Gather as much evidence as you can and file a complaint with the DMCA. Here is the Wikipedia link: http://en.wikipedia.org/wiki/Digital_Millennium_Copyright_Act

Google and Bing will take action based upon these complaints.

In the U.S. you can hire an attorney to write a cease and desist letter and send this to any site contact you can find including an e-mail. Also send copies of the letter to the legal departments (you can simply address it to Legal Department) of the hosting company and registrar with a letter asking them to disable the site. Give the site owner 10 days to rectify the situation and respond. Hosting companies and registrars will likely respond immediately. Make sure they have your attorneys contact info. Hiring an attorney for this should be rather affordable. Surprisingly affordable in fact.

If no action is taken, then file a Federal Law Suit. This is extremely serious business and you have absolutely nothing to worry about since you now hold all the cards.
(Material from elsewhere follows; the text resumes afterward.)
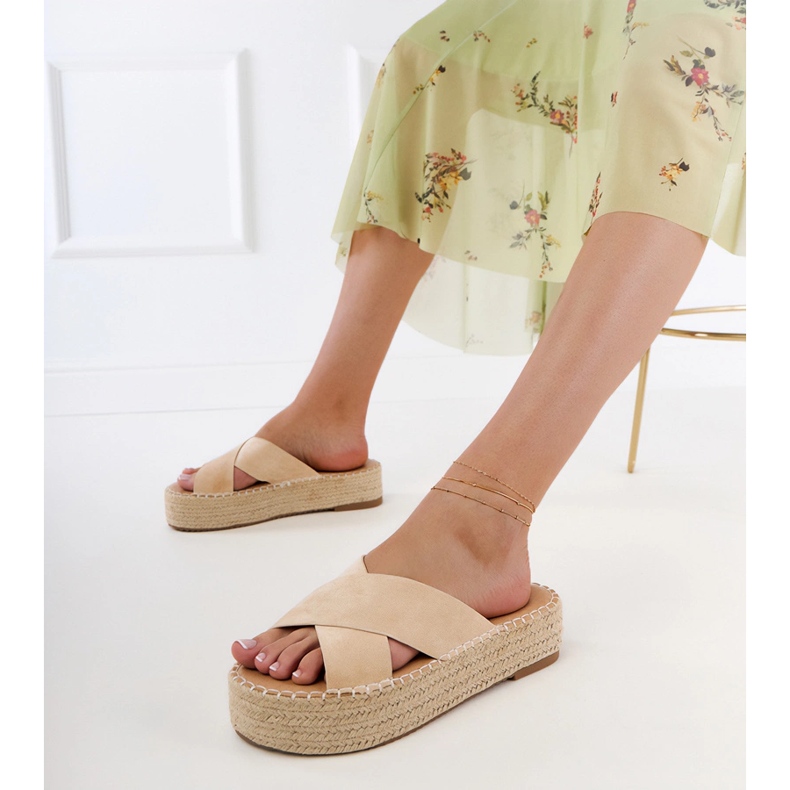 Espadrilles beige avec rayures sur la plate-forme 1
It is likely that they will settle well within the multiples of tens of thousands of dollars just to make the case go away. Your attorney may be happy to take this on a contingency basis which means no cost to you. Plus you get to file where you are making them hire a local attorney and travel for depositions and such. Any good attorney will make them travel just to make a point. Lots of fun.

If not in the U.S., you may have similar options. You just have to get pi$$ed.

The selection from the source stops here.